Obesity, poor nutrition, lack of exercise, and alcohol raise your risk of stroke even higher.

Chronic inflammation and prolonged stress have also been linked to an increase in your risk of stroke.

If you’ve had a stroke in your lifetime, you have more than an 80% chance of having another one. Learning how to minimize your risk is crucial.

What is a Stroke?

The majority of strokes are called ischemic strokes. The arteries to the brain are blocked or constricted, which limits the blood flow and the delivery of oxygen. Blockages can be caused by fatty deposits called plaque. When the oxygen supply to your brain is blocked or lowered, it causes the death of brain cells.

Symptoms of Stroke

  • Drooping facial features
  • Difficulty with speech
  • Mental confusion
  • Numbness of the face or limbs
  • Vision impairment
  • Lack of coordination
  • Dizziness
  • Headache

If you believe you are having a stroke, you must seek emergency medical attention. Those who seek help immediately have a higher rate of survival.
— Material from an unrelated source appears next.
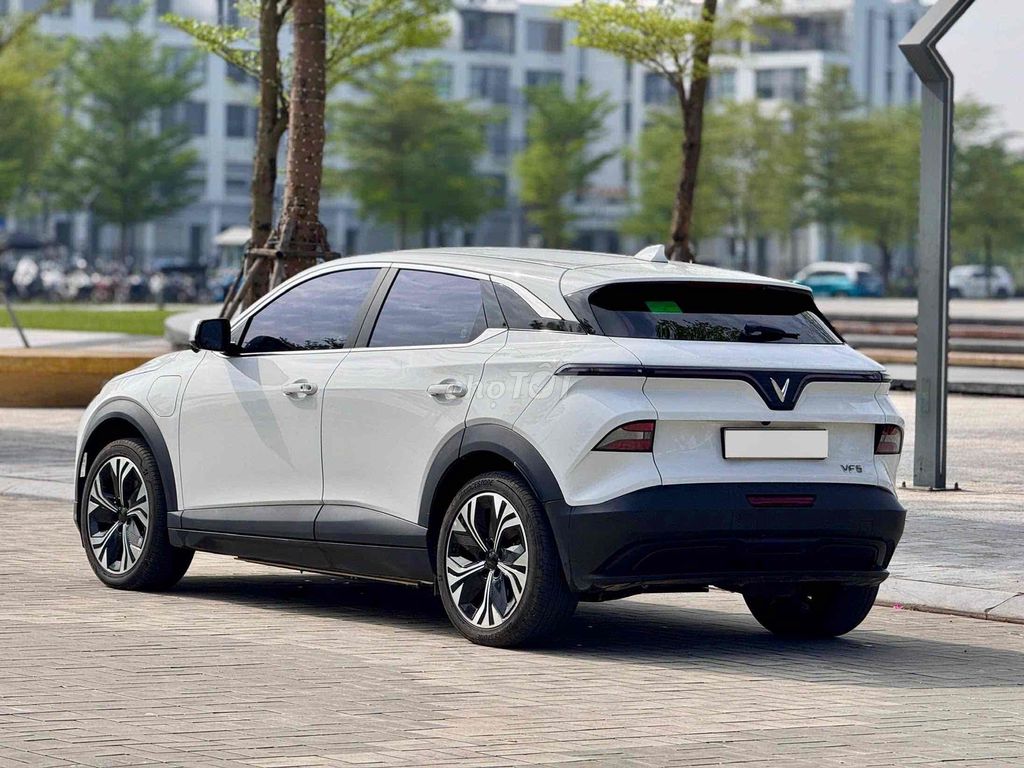 VF6 Plus 2025 почти новый 23 000 км отличное состояние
Every minute you delay can lead to long-term brain cell damage that results in permanent paralysis on either or both sides of the body, speech impairment, chronic pain, muscle fatigue, and incontinence.


Can Potassium Rich Foods Prevent Stroke?

According to new research published in the journal Stroke, the American Heart Association found that women who consume more potassium rich foods have a lower risk of stroke.
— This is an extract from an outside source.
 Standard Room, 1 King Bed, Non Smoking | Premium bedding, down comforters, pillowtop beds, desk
Scientists reviewed the data for more than 90,000 women over more than a decade. The average ages were 50 to 79. “Our findings give women another reason to eat their fruits and vegetables. Fruits and vegetables are good sources of potassium, and potassium not only lowers postmenopausal women’s risk of stroke [by 12%], but also death [by 10%],” explained Albert Einstein College of Medicine professor, Sylvia Wassertheil-Smoller, PhD.

The study team stated that a diet rich in potassium may prevent the development of high blood pressure, the leading risk factor for stroke, but more research will need to be done to confirm.
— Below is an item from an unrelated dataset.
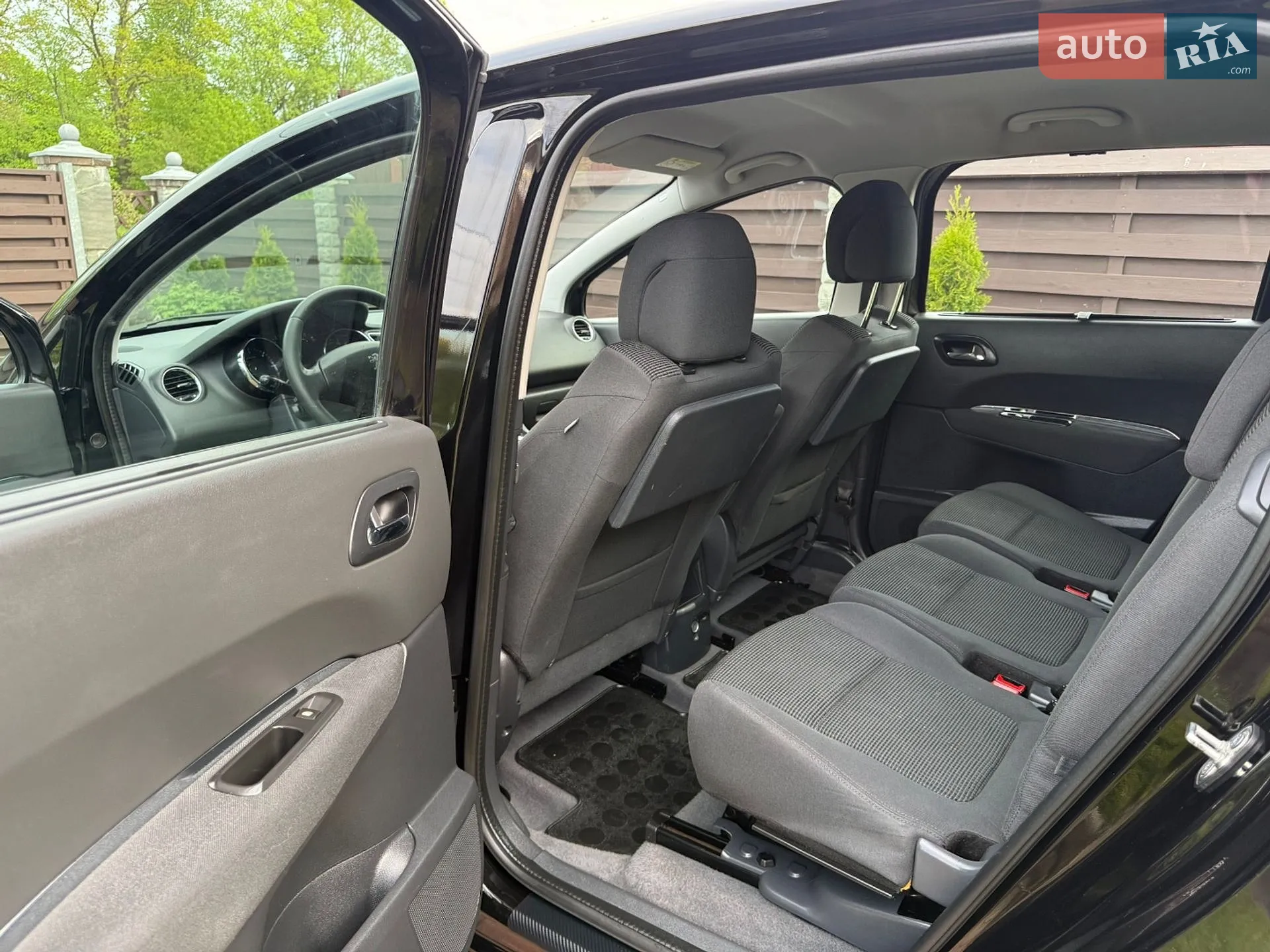 2015 Peugeot 5008 - мініатюра 25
Said Dr. Wassertheil-Smoller, “Our findings suggest that women need to eat more potassium-rich foods. You won’t find high potassium in junk food.”

Top 10 Potassium Rich Foods

  1. Dark, leafy greens: spinach, kale, and collards
  2. Beans: white, lima, kidney, peas, pinto, and mung
  3. Potatoes: both white and sweet (with skins)
  4. Dried fruit: coconut, apricots, peaches, prunes, dates, and raisins
  5. Squash: acorn, butternut, and zucchini
  6. Fatty fish: salmon, halibut, and tuna
  7. Fresh fruit: bananas, kiwi, nectarines, peaches, cantaloupe, and avocados
  8. Fresh vegetables: asparagus, green beans, Brussels sprouts, and mushrooms
  9. Yogurt
  10. Orange juice

Adding potassium rich foods to your diet just makes sense! Potassium is beneficial for your skeletal system, muscles, fluid and electrolyte balance, your heart, and your brain.

Rarely, some people have too much potassium in their bodies so ask your doctor for a simple blood test if you think this might be the case.